Which is not to imply that Dorham was merely recycling old ideas in the final decade of his career. His writing here, representative of the music he and Henderson made on four previous Blue Note albums of the period, maintains clear blowing structures while introducing harmonic wrinkles guaranteed to challenge a soloist. Improvisations on the title track here are played on an elastic chorus structure in which the soloist triggers the harmonic modulations. (The melody also evokes one of the trumpeter’s most intense performances, in the spirit of his reading of Villa-Lobos’s “Prelude” from the United Artists Jazz album, Matador.) “The Fox” is filled with harmonic challenges as well, and “Night Watch” is both extremely lyrical and a quietly distinctive blues variant. Unlike some modernists, Dorham was not simply coasting on a diet that emphasized “rhythm” and blues.
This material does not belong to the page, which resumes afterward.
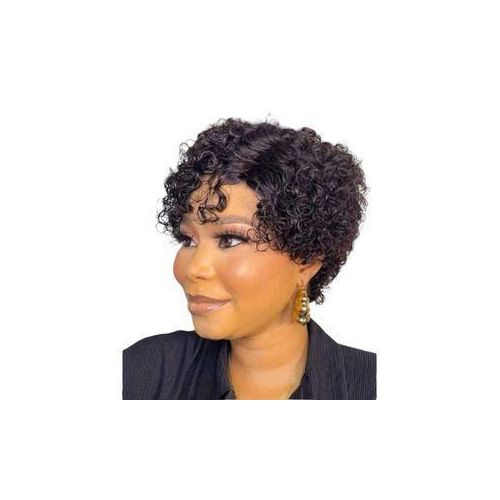 Human blend water curl wig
Nor was Dorham one who could easily feign enthusiasm, as the relatively lackluster “Mamacita” illustrates. There are nuggets of musical gold in both the Henderson and Dorham solos to be sure; but a comparison with the title tune from the pair’s first joint effort, Una Mas, illustrates the difference between natural and premeditated grooves. In the intervening months, Lee Morgan had recorded the long-lined blues, “The Sidewinder,” which became one of Blue Note’s biggest hits; “Mamacita” sounds like a concerted effort to duplicate Morgan’s results. Henderson’s melody, which is catchy enough on its own, had been taped for the first time on a Blue Mitchell session the previous year that ultimately appeared on Step Lightly, while the composer finally produced a version under his own name for his 1967 Milestone debut, The Kicker.

The rhythm section adds to the distinction of “Trompeta Toccata,” and is not the typical Blue Note crew. Only Richard Davis was a label regular, and he is as valuable to the proceedings as Hentoff and Dorham indicate, with both his support and solo on “Trompeta Toccata” of particular excellence. Tommy Flanagan made some of his first important New York sessions on the label with Thad Jones and Kenny Burrell, but did the vast majority of his recording elsewhere. Given Barry Harris’s comment that Alfred Lion did not gravitate to pianists whose work was “too beautiful,” it is possible that Flanagan’s lyricism did not suit the producer’s taste. Flanagan’s affinity for Dorham was another matter, as their work on the 1959 New Jazz classic Quiet Kenny makes clear, and as Flanagan’s impressionistic statement on the title track reaffirms. Albert "Tootie" Heath, who also turns in a stellar performance here, was widely heard with several working bands and on several labels at the time, yet this was the first of only two appearances he made for Blue Note, the other being Herbie Hancock’s The Prisoner. Six months after this album was recorded, the drummer left the US for Europe, where he would spend a productive decade before returning home to join brothers Percy and Jimmy in the Heath Brothers. One wonders if a similar act of expatriation might have elevated the career and extended the life of Kenny Dorham.